I’m 28 whole years of age, so I’m fairly certain I know everything and will be able to give you ridiculously useful advice.
Consider it my selfless Oprah-style gift to humanity. Cliche cliche etc etc sassy advice cliche. You’re welcome.
Let’s get into it:
I recently got half-back with an ex-boyfriend of mine and it’s amazing. We get together when we both have time on the weekends, but don’t really talk over text or phone when we aren’t together.

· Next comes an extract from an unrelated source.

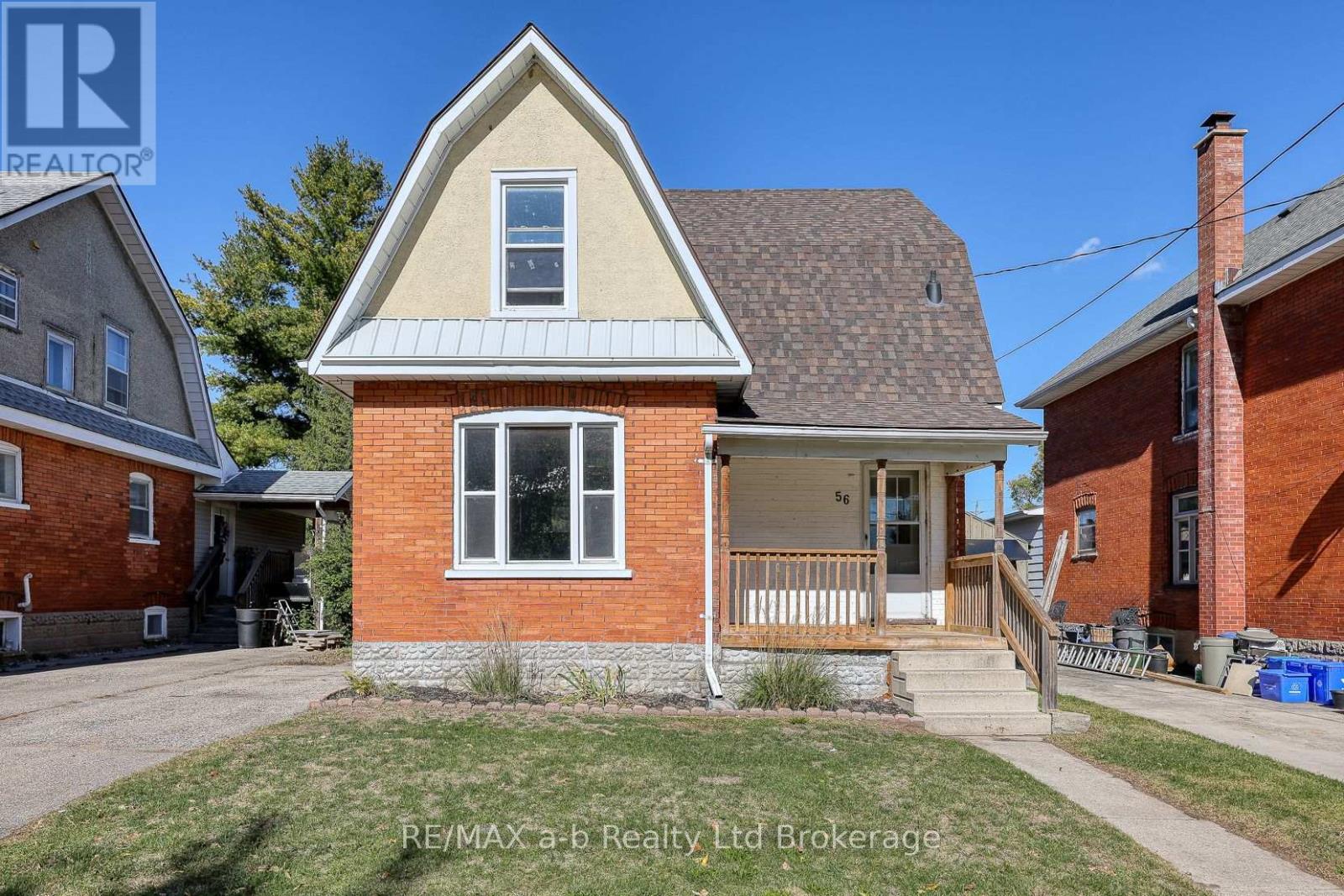 56 LONDON STREET W, Tillsonburg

The catch is, however, that both of us are moving overseas in the coming months (to different continents) and I have just realised that I have completely fallen for him again. I can see us having a really great future together, but I feel like as a young woman in her early 20s, there is a lot of foreign peen left to slay, and I also don’t want to be in a long distance relationship, nor do I want that for him.
My question for you is, how do you think I should explain my feelings to him? Is there a way to appropriately ask someone to be your partner in advance? Like putting a reservation in at a restaurant?
So, Anon, let me see if I’ve got this straight: You would like to date this seemingly lovely gentleman, but you would also like to, as you so delicately put it, ‘slay’ a whole bunch of foreign peen.
That really is a bit of a pickle, isn’t it?
First of all, I need to admit that I’m the furthest thing from a cool kid, so I have no idea what ‘slaying’ a peen involves. Is it a fancy sex move that all the #youngpeeps are doing these days? Should I be slaying my boyfriend’s penis? Have I done it without realising? (Unless it involves me star-fishing it during missionary, I don’t think I have.) How does one ‘slay’ a peen? Is there some kind of sex weapon involved? Will I have to shave my legs?
I’m going to assume it’s some kind of sex thing. And if it’s anything like what happens when I slay a pizza, it’s probably frightening.
Anyway, let’s get down to business. As much as you might like to, you can’t really lay-by a person while you go off and do other things. You just can’t call ‘dibs’ on a human man. If you could, I’d be coming up on my 20-year anniversary with that boy who played the human Casper at the end of that movie Casper. And it wouldn’t even bother him that I don’t know how to slay his wang.
Imagine if the situation was reversed, and this boy you’ve fallen for came to you and said, “Hey, Anon, I really like you and would like to be with you, but can we put a pin in it for 18 months while I go and decimate some foreign vagina? Thanks, bae.”